Your answer should be the lines below from the one holding "3rd image of 917 K St" through the one holding "Toilet Kamar 3", copied exactly and with nothing else.

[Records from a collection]
++++
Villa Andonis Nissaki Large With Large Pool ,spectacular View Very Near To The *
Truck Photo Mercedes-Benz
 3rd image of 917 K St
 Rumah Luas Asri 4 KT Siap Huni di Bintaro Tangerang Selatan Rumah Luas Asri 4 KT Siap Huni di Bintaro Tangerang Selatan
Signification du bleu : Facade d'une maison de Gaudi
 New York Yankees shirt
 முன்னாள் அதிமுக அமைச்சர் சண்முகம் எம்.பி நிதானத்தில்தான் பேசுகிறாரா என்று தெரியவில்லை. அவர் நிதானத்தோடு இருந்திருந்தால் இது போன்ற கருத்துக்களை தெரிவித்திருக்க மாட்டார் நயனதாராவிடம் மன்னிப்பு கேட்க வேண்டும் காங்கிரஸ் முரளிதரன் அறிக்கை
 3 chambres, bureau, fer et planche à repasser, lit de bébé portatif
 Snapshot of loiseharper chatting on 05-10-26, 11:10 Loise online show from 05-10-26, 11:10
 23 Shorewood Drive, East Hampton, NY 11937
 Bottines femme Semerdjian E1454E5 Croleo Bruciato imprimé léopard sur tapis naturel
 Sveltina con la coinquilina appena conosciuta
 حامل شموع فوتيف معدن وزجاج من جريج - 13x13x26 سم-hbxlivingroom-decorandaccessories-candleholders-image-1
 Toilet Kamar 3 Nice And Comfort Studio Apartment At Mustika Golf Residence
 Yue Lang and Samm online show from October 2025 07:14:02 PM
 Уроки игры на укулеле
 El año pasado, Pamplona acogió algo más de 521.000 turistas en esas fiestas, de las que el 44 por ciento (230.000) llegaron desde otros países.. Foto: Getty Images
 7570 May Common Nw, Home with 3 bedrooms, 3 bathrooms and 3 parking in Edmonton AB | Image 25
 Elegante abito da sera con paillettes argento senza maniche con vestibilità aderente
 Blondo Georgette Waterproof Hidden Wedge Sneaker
++++
ANSWER SPACE
 3rd image of 917 K St
 Rumah Luas Asri 4 KT Siap Huni di Bintaro Tangerang Selatan Rumah Luas Asri 4 KT Siap Huni di Bintaro Tangerang Selatan
Signification du bleu : Facade d'une maison de Gaudi
 New York Yankees shirt
 முன்னாள் அதிமுக அமைச்சர் சண்முகம் எம்.பி நிதானத்தில்தான் பேசுகிறாரா என்று தெரியவில்லை. அவர் நிதானத்தோடு இருந்திருந்தால் இது போன்ற கருத்துக்களை தெரிவித்திருக்க மாட்டார் நயனதாராவிடம் மன்னிப்பு கேட்க வேண்டும் காங்கிரஸ் முரளிதரன் அறிக்கை
 3 chambres, bureau, fer et planche à repasser, lit de bébé portatif
 Snapshot of loiseharper chatting on 05-10-26, 11:10 Loise online show from 05-10-26, 11:10
 23 Shorewood Drive, East Hampton, NY 11937
 Bottines femme Semerdjian E1454E5 Croleo Bruciato imprimé léopard sur tapis naturel
 Sveltina con la coinquilina appena conosciuta
 حامل شموع فوتيف معدن وزجاج من جريج - 13x13x26 سم-hbxlivingroom-decorandaccessories-candleholders-image-1
 Toilet Kamar 3 Nice And Comfort Studio Apartment At Mustika Golf Residence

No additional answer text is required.